To my surprise this program compiles in both MSCV and GCC:

class A
{
public:
  int add() { return 0; }
  template<typename T>
  T add() { return T(); }
};

int main() { 
  A a;
  a.add();
  a.add<int>();
  return 0; 
}

Obviously, due to the fact that the type of the templated method cannot be deduced and needs to be explicitly stated, so the situation isn't ambigious - still it seems a bit shady - if it were a non-templated method that would be obviously incorrect.

I've tried googling and looking through the last draft of the standard, but couldn't find the answer - is same naming of a template method and a normal method that only differ by return type legal in C++, or are the compilers just being permissive?

like image 802
Kornel Kisielewicz Avatar asked May 31 '13 20:05

Kornel Kisielewicz


1 Answers

This has always been legal C++.

14.5.6/2:

A function template can be overloaded with other function templates and with normal (non-template) functions. A normal function is not related to a function template (i.e., it is never considered to be a specialization), even if it has the same name and type as a potentially generated function template specialization.

When using the "template-id" syntax like add<int>, only template functions with enough template parameters are considered. So a.add<int>() doesn't even look at whether the non-template add matches.

When an identifier names both a plain function and a function template, the compiler will try to deduce template arguments for the function template to get a template function specialization. Then all plain functions and all template function specializations are compared by the usual function overload logic. [See 13.3.1/7.]

In your example, the call a.add() can't deduce the template argument T for the template version. So the only viable function is the non-template overload.

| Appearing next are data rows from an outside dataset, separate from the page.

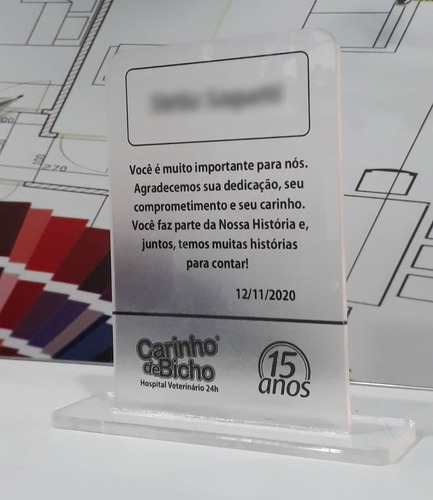 Imagem 4 de 5 de Placa De Homenagem Personalizada Acrilico 4mm - 1 Unid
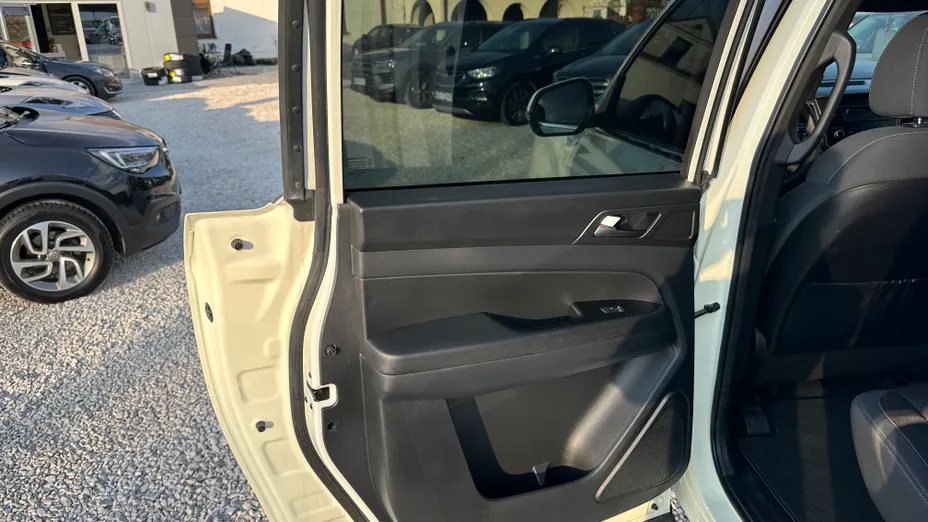 KGM / SSANGYONG Musso Musso 2.2 Crystal 4WD aut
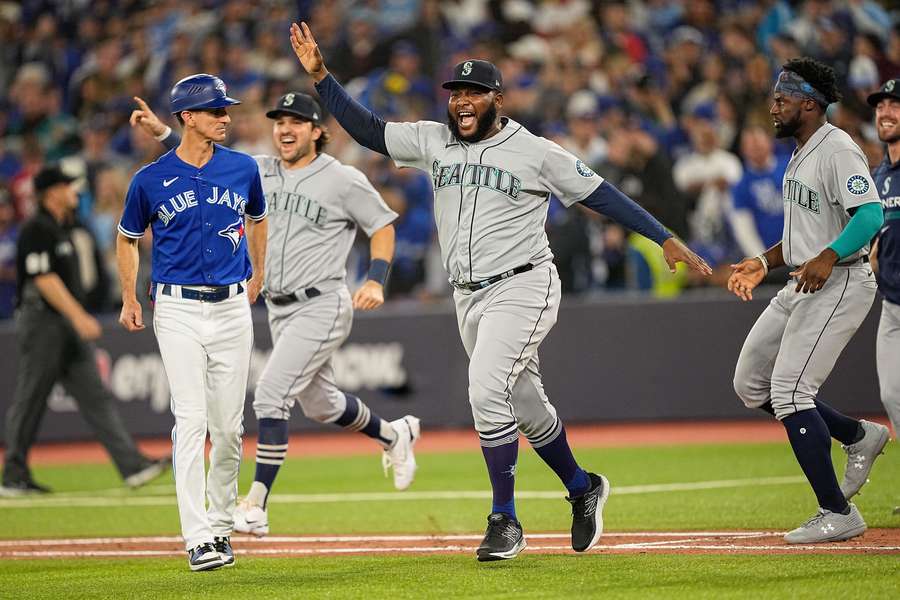 MLB roundup: Mariners storm back for series-clinching win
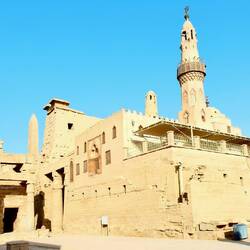 Im Tempel frühchristliche Artefakte und Moscheen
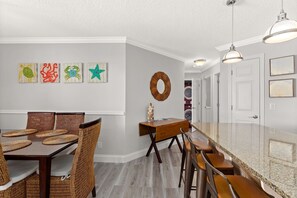 Dining - Spacious 3 bed 2.5  ba unit, close to the beach, heated pool, tennis, pickle bal (Santa Rosa Beach)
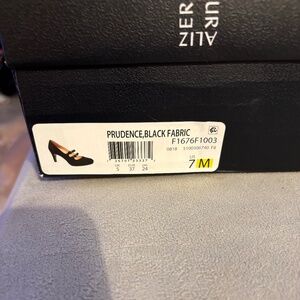 Naturalized prudence black fabric pump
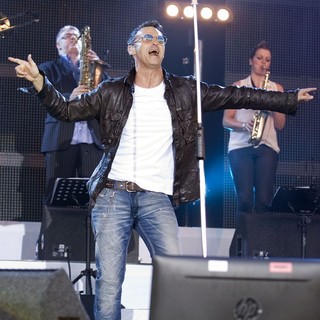 Marti Pellow, Wet Wet Wet in Wet Wet Wet Perform Live on Stage to Celebrate The 25th Anniversary of Their First Appearance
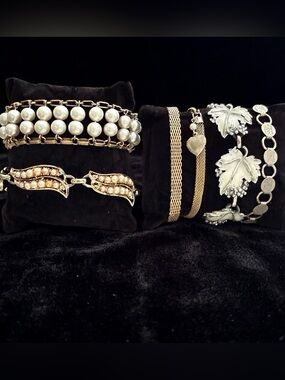Vintage Sarah Coventry Bracelet Lot of 6 – Silver & Gold Tone Faux Pearl Leaf Me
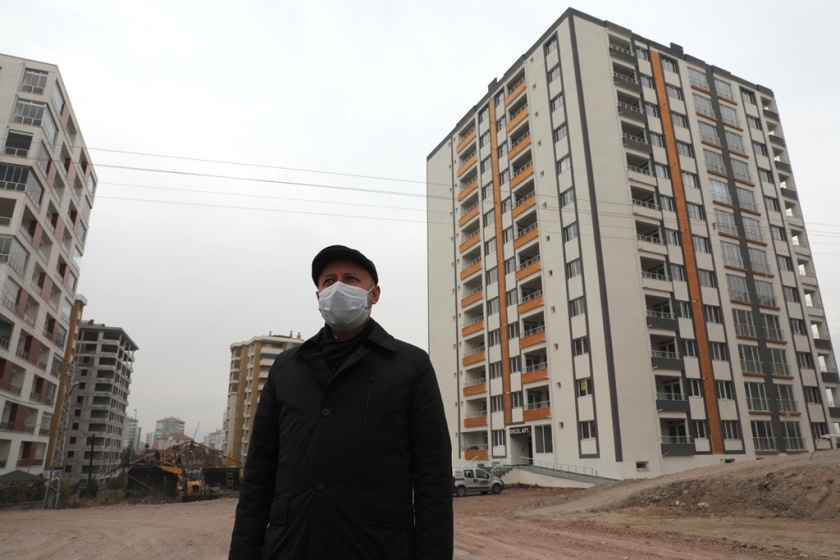 BAŞKAN ÇOLAKBAYRAKDAR, “DÖNÜŞÜMLE 825 AİLE BU KIŞI, SICACIK EVLERİNDE GEÇİRİYOR”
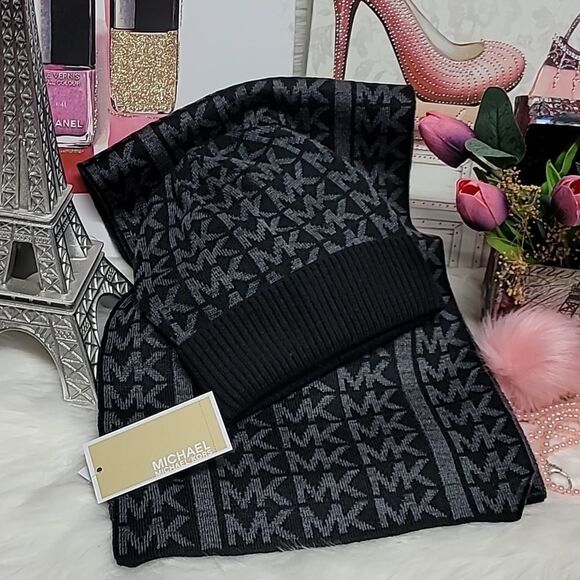 930  MICHAEL KORS Scarf & Hat Set black with logo gift box NWT - Picture 2 of 3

There's also another rule that comes up in a similar situation: if a non-template function and a template function specialization would otherwise be an ambiguous overload, the non-template function wins. [This rule is in section 13.3.3, in the middle of the definition of what makes one function better than another for a given set of arguments.]

class B
{
public:
  int f(int n) { return n+1; }

  template<typename T>
  T f(T n) { return n; }
};

int main() {
  B b;
  b.f(1);       // both are viable, non-template wins
  b.f<int>(1);  // only the template is viable
  return 0;
}

This makes sense because the template can still be used by other specializations, or by explicitly using the <angle brackets>. So overloading a function template with a non-template function is sort of like adding an explicit specialization, but with fewer headaches.